When I was 12, I wrote letters home from boarding school addressed to M.P.Russell Esq having observed that was how letters were addressed to my father. ( The Esq bit seemed fitting enough as he was a civil servant, a senior civil servant as my mother always corrected me.)
“Why do you put Esq on the envelope,” a girl at school asked. “Does he own land?”
I was non-plussed. People in Dublin didn’t own land. Not the ones I knew. They owned houses alright, if they had the money, But of course, if you came from out of Dublin, in that place called down the country which was everywhere except Dublin, you most likely did own land, fields and fields of it. But those people didn’t have Esq on the envelopes, just plain Mr and Mrs. Of course, with the Esq business, my mother was left out of the equation altogether.

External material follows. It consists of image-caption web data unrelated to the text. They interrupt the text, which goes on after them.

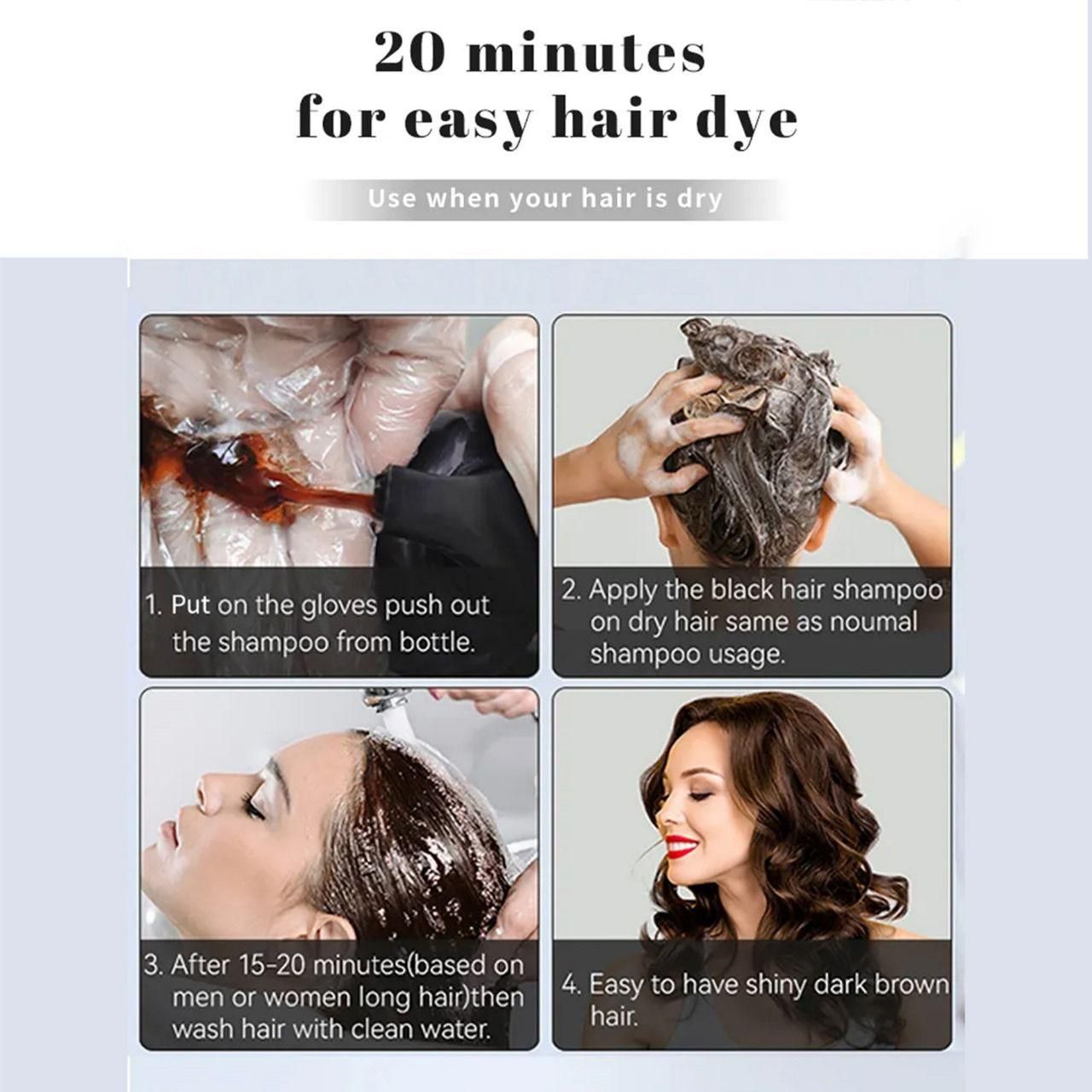 Long-Lasting Natural Hair Dye Shampoo | Ammonia & Peroxide Free Color | 100ML (Pack of 1)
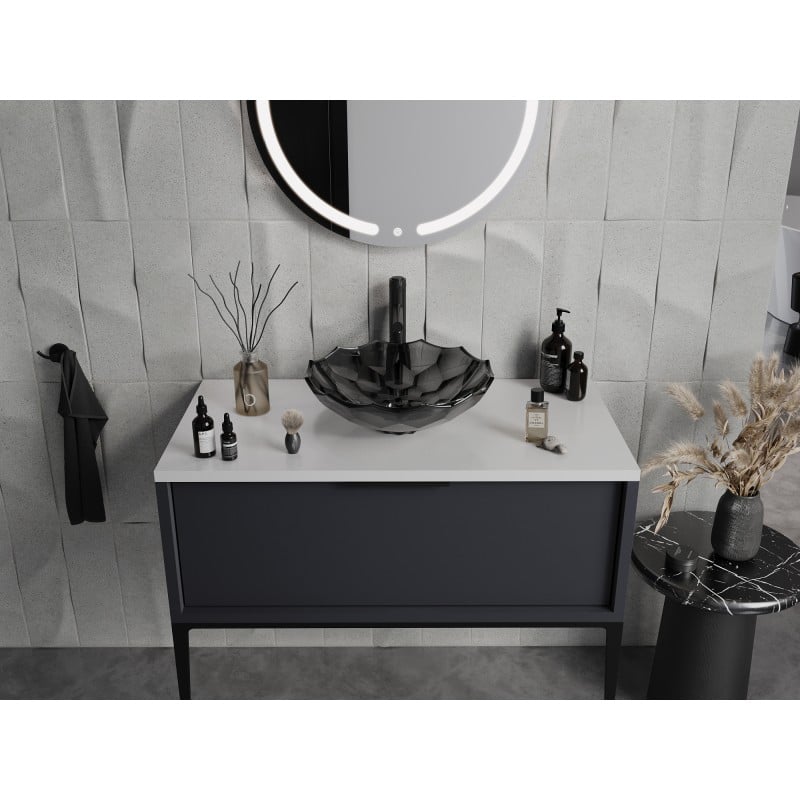 Mexen Inga szklana umywalka nablatowa 44 x 44 cm, czarna - 24074470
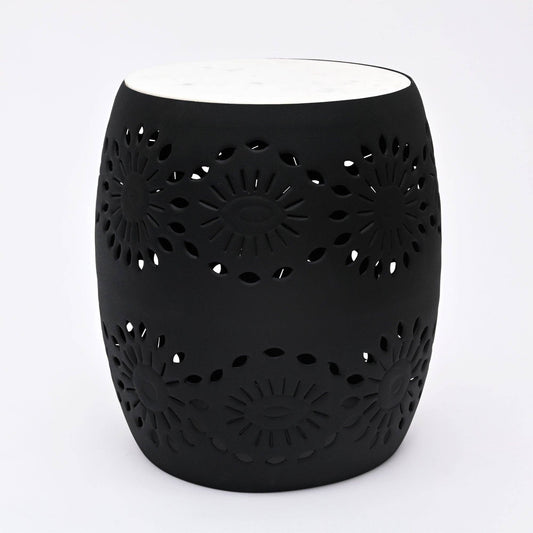 Floral Cutout Side Table with Marble Top – Elegant Accent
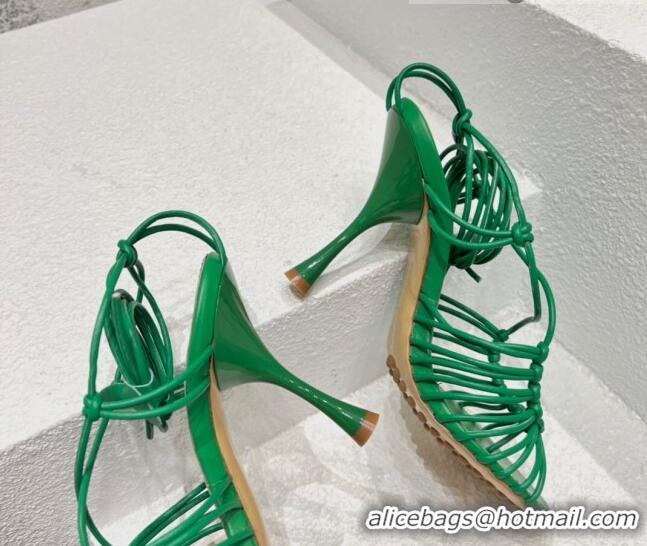 Top Grade Bottega Veneta Dot Strap Lamskin High Heel Sandals 9.5cm Green 032172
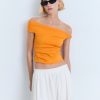 Asymmetrical strapless top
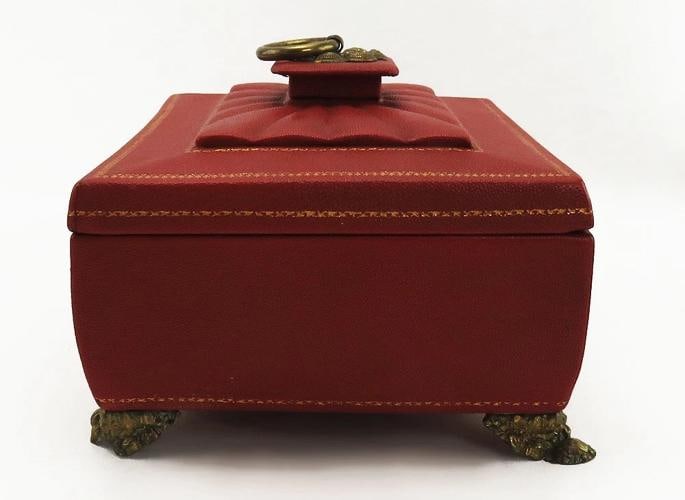 Immaculate Antique English Regency Silk Lined Leather Bound Wooden Gilded Box - 4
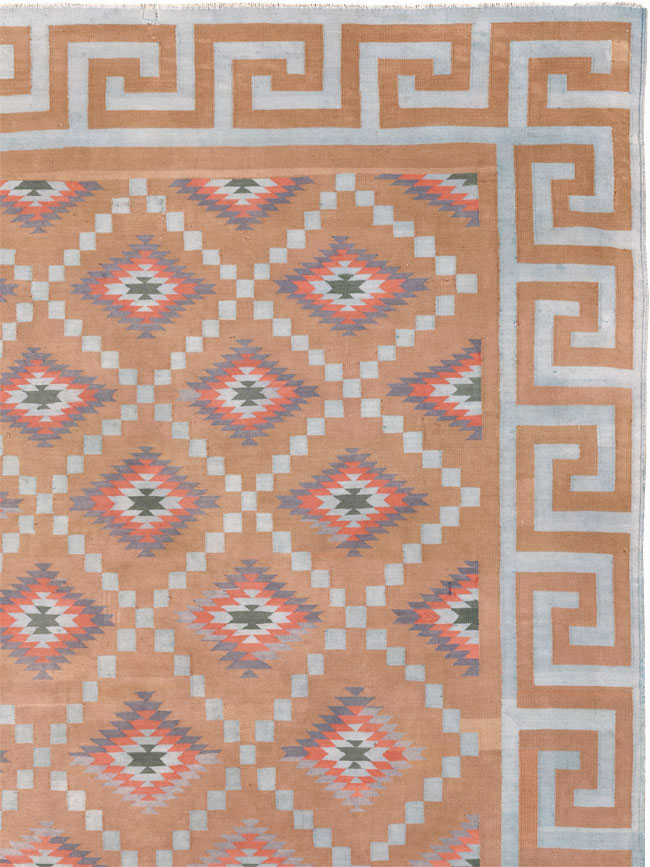 Vintage Indian Flatweave Dhurrie Square Room Size Carpet, No.33577 - Gss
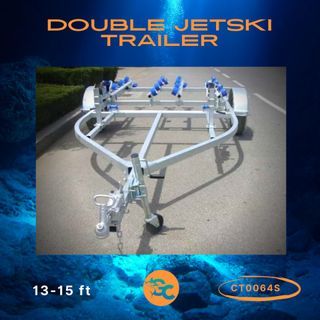 Double Jetski Trailer rescue rubber boats CT-0064S for sale Brand New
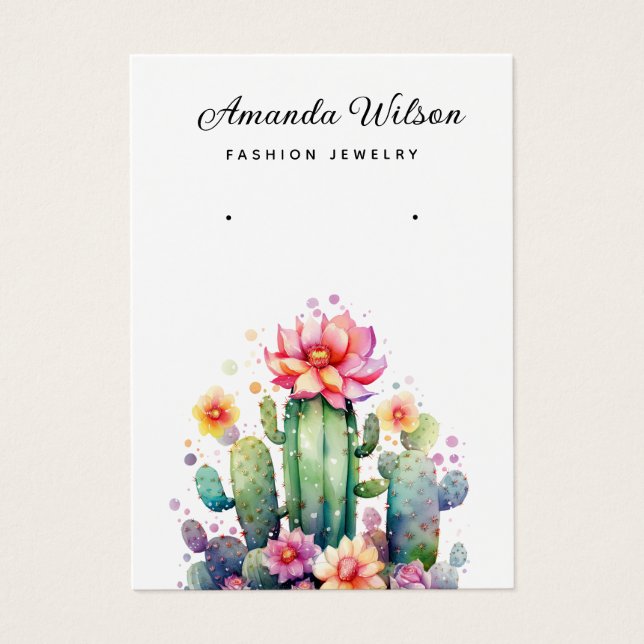 Modern watercolor Cactus earring display card (Front)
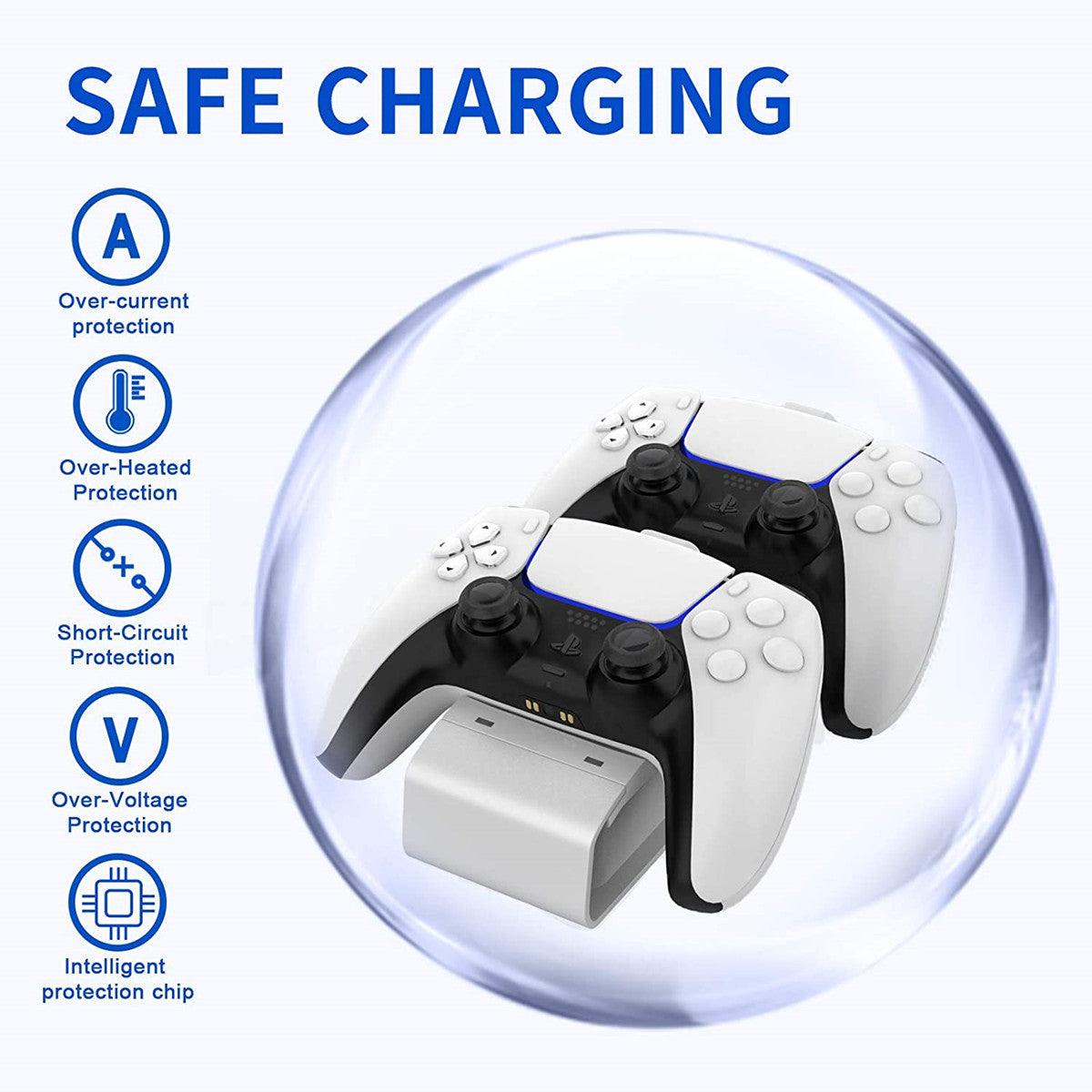 PS5 Controller Charging Station LED Charging Indicator Safety Chip Design - DOYO Game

I am now half way through The Member of the Wedding and things are hotting up for our twelve year old heroine. She was, she knew, going to be famous. For what, she didn’t know. Reading the news or participating in a dramatic event of some sort. But definitely famous.
I recognised that almost-famous feeling from when I was her age which was why I practised my signature in different ways: neat and careful, artistic with lots of curlicues,wildly adventurous with enormous flourishes. I worked away on them all during one particular exam when I had finished early and had nothing else to do. Mary Russell I wrote, over and over again. Mary Russell, Mary Russell Mary Russell. MARY RUSSELL!!!! Then, calming down: Mary Russell
And when the bell rang to indicate the exam was over. I bunched up the sheet of paper and threw it in the waste paper basket. Except that I had been observed.
“What is this,” asked the head nun, known to us as Quack, holding out the A4 page she had retrieved from the basket and smoothing it out so that my sin of pride ( was it one of the seven deadly sins?) was revealed over and over again.
“Who is it written for and why,” asked Quack and I stalled. How could I possibly explain I was practicing my signature for when I became famous.
Yep, F.Jasmine and I had a lot in common. Though while she actually chose the Jasmine bit of her name, I concealed from everyone that my confirmation name was Fatima.That would have ruined the whole famous thing. Mary was bad enough. As the song went:
For she was Mary, Mary,
Plain as any name can be.
Maybe that’s why I never became famous – though I’m still practicing.